▶ [ACTIVITY] From the material below, retype exactly the lines that begin at the line with "Secure Notepad screenshot-3" and end after the line with "High chair and baby swing"; pictures stay out of the copy.

▶ [DATA EXTRACTS]
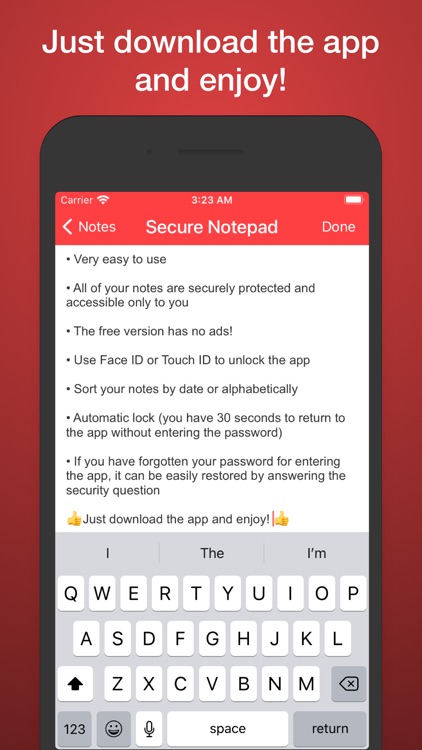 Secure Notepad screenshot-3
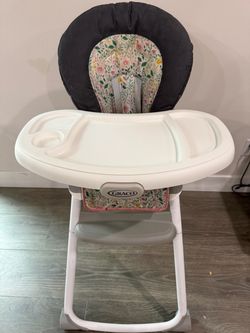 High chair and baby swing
--
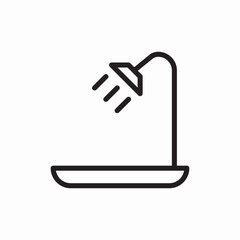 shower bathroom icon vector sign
==
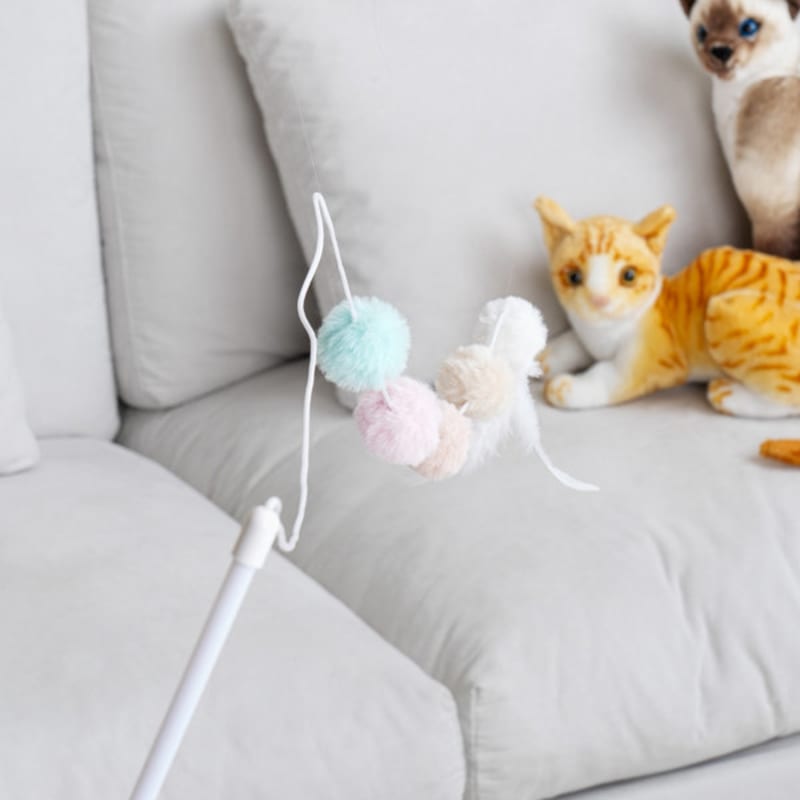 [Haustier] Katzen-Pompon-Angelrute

▶ [YOUR SOLUTION]
 Secure Notepad screenshot-3
 High chair and baby swing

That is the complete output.